● **YOUR GOAL**: Exactly as written, set down each line of the data below except its pictures.

● **AVAILABLE DATA**:
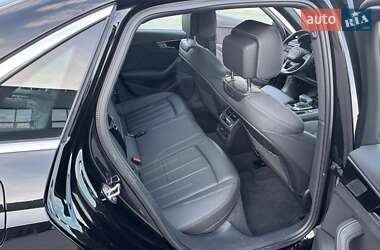 Седан Audi A4 2023 в 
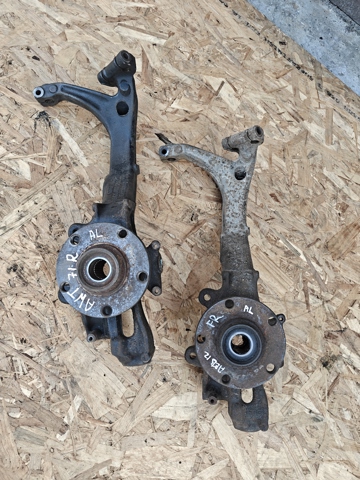 Кулак поворотний передній правий 8D0407258AL VAG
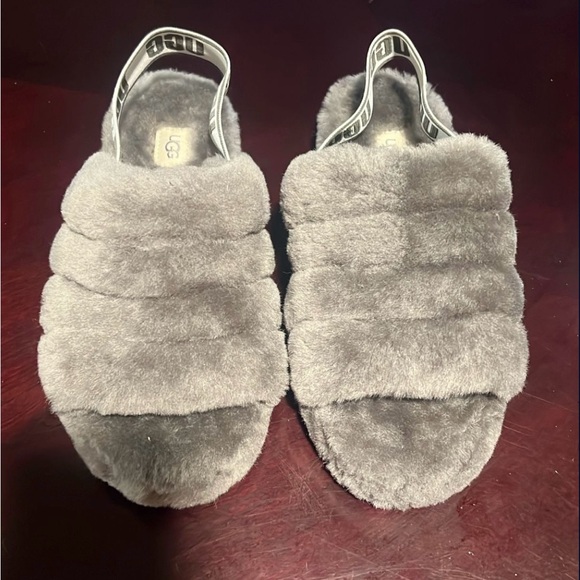 UGG Gray Fluffy Slide Slippers - Picture 1 of 3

● **EXPECTED ANSWER**:
 Седан Audi A4 2023 в 
 Кулак поворотний передній правий 8D0407258AL VAG
 UGG Gray Fluffy Slide Slippers - Picture 1 of 3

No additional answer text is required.